Нет ничего более противоречивого, чем то, что наивысшая публичная функция провинции является тайной, что в частных процессах двери суда открыты для провинции, а в своём собственном процессе она должна оставаться за дверью.
Несокращённая публикация протоколов ландтага, в её подлинном и последовательном смысле, не может быть чем-либо иным, как полной публичностью деятельности ландтага.
Наш оратор, наоборот, продолжает рассматривать ландтаг как своего рода клуб.
«На основе многолетнего знакомства друг с другом у большинства из нас сложились хорошие личные отношения, чему не мешает даже самое большое различие во взглядах. Эти отношения переносятся по наследству на вновь вступающих».
«И именно поэтому мы по большей части в состоянии правильно оценивать значение наших слов, и мы это будем делать с тем большей непринуждённостью, чем меньше будем допускать воздействие внешних влияний, которое лишь тогда может быть полезно, когда оно служит нам поддержкой в виде благожелательного совета, а не стремится в форме безапелляционного суждения, похвалы или порицания, повлиять через общественное мнение на нашу личность».
Наш оратор апеллирует к чувству.
Мы встречаемся по-семейному, весьма непринуждённо беседуем между собой, очень верно оцениваем слова друг друга; так неужели же нам следует нарушить наше столь патриархальное, столь почтенное, столь удобное положение, подчиняясь суждениям провинции, которая, может быть, придаст меньше значения нашим словам?
Помилуй бог!
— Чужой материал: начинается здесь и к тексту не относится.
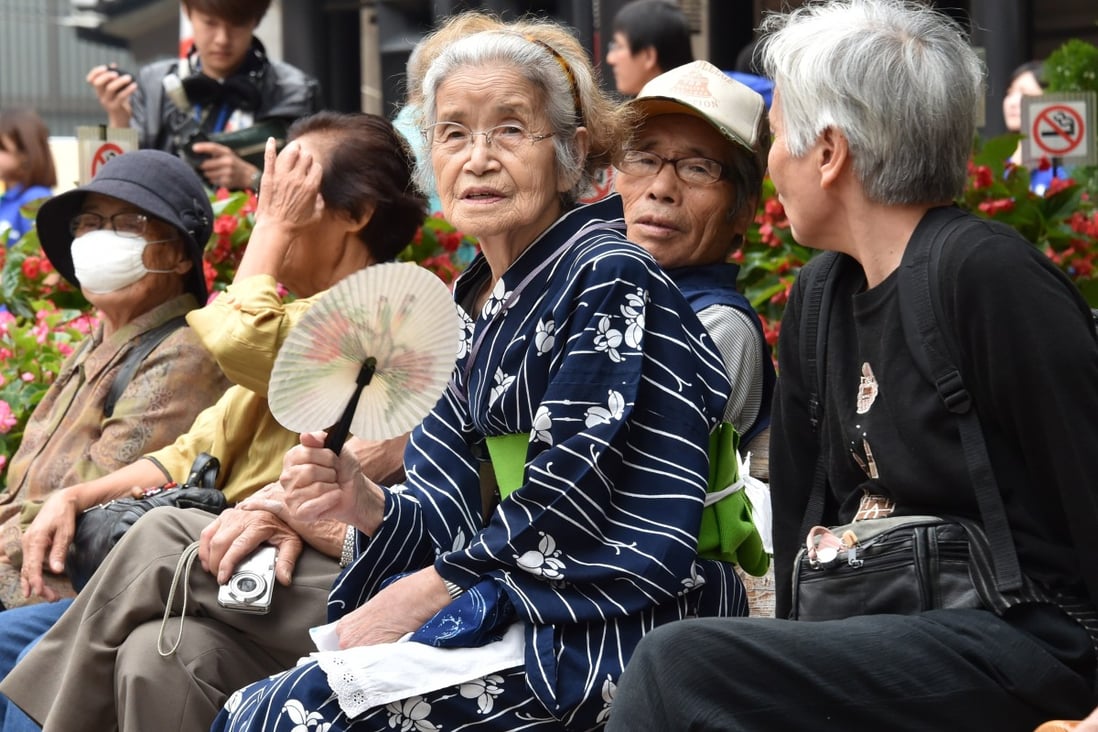 Elderly residents rest at the grounds of a temple in Tokyo. Photo: AFP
Ландтаг не переносит света. Во мраке частной жизни мы чувствуем себя лучше. Если вся провинция настолько доверчива, что вверяет свои права отдельным лицам, то эти отдельные лица, конечно, настолько снисходительны, что принимают доверие провинции, но было бы настоящим сумасбродством требовать, чтобы они отплатили той же монетой и с полным доверием отдали самих себя, свои труды, свою личность на суд той самой провинции, которая только что — самым фактом своего доверия — высказала о них своё суждение. Во всяком случае, гораздо важнее, чтобы провинция не нанесла ущерба личности представителей сословий, нежели то, чтобы эти представители не нанесли ущерба интересам провинции.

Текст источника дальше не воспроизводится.